→ **Task goal**:
Exactly the lines below from the one with "encontrarlo #Torrelodones #Madrid" up to and including the one with "Black Multi Striped" make up the answer, with nothing else added.

Entries taken from a collection:
_ _ _ _ _ _ _

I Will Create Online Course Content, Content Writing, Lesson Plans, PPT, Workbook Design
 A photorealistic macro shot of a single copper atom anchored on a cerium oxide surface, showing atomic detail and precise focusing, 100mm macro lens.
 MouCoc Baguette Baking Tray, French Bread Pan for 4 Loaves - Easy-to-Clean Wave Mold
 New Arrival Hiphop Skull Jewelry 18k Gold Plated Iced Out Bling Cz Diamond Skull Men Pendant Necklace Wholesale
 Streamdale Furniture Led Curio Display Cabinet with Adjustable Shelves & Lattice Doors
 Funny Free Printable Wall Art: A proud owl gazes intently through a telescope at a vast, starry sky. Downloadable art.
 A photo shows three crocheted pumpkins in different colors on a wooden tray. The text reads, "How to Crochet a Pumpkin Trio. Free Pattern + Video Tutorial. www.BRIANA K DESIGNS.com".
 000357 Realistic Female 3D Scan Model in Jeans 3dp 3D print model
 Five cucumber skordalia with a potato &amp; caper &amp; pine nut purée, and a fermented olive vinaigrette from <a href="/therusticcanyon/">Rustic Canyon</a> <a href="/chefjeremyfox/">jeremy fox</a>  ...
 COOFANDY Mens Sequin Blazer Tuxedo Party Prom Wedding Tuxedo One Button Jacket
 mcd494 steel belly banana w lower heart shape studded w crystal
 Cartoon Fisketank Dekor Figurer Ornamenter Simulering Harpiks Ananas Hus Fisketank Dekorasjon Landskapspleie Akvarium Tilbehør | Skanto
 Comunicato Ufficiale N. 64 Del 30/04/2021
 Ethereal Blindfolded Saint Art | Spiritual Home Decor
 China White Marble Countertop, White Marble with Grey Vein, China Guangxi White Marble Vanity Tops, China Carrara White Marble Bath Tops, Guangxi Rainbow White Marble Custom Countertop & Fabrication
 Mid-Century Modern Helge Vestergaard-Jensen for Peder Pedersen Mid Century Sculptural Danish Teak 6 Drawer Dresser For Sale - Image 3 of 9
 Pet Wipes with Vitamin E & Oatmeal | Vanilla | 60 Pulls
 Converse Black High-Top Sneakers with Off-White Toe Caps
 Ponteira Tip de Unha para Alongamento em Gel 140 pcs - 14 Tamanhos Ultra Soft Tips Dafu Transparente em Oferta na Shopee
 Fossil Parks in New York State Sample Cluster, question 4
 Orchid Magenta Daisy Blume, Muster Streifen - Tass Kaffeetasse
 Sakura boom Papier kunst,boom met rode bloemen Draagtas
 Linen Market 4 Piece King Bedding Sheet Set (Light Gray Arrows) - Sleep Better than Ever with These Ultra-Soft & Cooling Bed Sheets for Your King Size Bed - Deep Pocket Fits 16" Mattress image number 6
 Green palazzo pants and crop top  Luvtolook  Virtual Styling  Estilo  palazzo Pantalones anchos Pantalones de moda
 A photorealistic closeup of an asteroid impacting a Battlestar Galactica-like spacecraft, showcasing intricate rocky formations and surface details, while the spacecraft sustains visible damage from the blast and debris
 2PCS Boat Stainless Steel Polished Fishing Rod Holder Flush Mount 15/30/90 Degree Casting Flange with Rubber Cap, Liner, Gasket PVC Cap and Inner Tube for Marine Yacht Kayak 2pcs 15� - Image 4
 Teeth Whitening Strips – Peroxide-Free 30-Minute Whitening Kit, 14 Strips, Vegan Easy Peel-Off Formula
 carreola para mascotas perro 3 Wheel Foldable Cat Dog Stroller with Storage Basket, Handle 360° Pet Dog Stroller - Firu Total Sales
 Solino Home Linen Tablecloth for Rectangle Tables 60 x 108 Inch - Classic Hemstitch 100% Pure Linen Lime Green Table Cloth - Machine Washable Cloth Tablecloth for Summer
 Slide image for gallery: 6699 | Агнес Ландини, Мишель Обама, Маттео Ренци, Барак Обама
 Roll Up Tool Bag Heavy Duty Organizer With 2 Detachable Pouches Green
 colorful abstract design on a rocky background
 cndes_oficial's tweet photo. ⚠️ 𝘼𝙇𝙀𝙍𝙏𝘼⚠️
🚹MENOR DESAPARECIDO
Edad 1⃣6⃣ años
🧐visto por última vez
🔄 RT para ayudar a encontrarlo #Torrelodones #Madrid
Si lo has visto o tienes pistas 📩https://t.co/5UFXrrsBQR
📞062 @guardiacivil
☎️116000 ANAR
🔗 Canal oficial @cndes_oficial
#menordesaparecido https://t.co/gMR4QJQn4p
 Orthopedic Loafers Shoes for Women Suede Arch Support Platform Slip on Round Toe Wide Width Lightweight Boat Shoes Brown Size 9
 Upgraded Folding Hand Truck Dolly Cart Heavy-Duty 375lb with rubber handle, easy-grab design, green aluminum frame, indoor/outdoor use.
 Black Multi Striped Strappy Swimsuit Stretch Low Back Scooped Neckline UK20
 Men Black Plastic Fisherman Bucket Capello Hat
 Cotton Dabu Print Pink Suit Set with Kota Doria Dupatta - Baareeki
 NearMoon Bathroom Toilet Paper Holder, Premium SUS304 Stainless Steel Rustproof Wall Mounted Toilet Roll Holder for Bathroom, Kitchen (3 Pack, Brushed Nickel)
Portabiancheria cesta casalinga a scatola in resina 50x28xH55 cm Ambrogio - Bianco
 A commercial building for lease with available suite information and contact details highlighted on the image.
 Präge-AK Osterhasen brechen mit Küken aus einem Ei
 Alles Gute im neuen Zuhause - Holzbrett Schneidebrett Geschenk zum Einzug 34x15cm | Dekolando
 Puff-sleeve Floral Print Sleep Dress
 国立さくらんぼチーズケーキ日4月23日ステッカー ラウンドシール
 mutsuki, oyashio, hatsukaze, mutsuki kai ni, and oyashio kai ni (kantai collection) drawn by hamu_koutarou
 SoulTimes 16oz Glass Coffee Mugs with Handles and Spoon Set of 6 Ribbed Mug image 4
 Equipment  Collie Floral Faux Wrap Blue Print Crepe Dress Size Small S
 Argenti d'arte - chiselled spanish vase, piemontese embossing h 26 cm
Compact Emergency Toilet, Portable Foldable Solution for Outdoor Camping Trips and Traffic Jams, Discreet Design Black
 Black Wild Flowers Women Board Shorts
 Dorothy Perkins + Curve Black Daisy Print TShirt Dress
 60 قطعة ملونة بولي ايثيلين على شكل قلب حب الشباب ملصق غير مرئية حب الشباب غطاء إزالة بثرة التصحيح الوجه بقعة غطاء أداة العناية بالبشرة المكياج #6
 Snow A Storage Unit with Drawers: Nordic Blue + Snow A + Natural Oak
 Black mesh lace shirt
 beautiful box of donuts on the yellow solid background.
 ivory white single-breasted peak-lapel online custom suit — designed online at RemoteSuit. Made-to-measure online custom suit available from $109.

_ _ _ _ _ _ _

→ **Exercise output**:
🔄 RT para ayudar a encontrarlo #Torrelodones #Madrid
Si lo has visto o tienes pistas 📩https://t.co/5UFXrrsBQR
📞062 @guardiacivil
☎️116000 ANAR
🔗 Canal oficial @cndes_oficial
#menordesaparecido https://t.co/gMR4QJQn4p
 Orthopedic Loafers Shoes for Women Suede Arch Support Platform Slip on Round Toe Wide Width Lightweight Boat Shoes Brown Size 9
 Upgraded Folding Hand Truck Dolly Cart Heavy-Duty 375lb with rubber handle, easy-grab design, green aluminum frame, indoor/outdoor use.
 Black Multi Striped Strappy Swimsuit Stretch Low Back Scooped Neckline UK20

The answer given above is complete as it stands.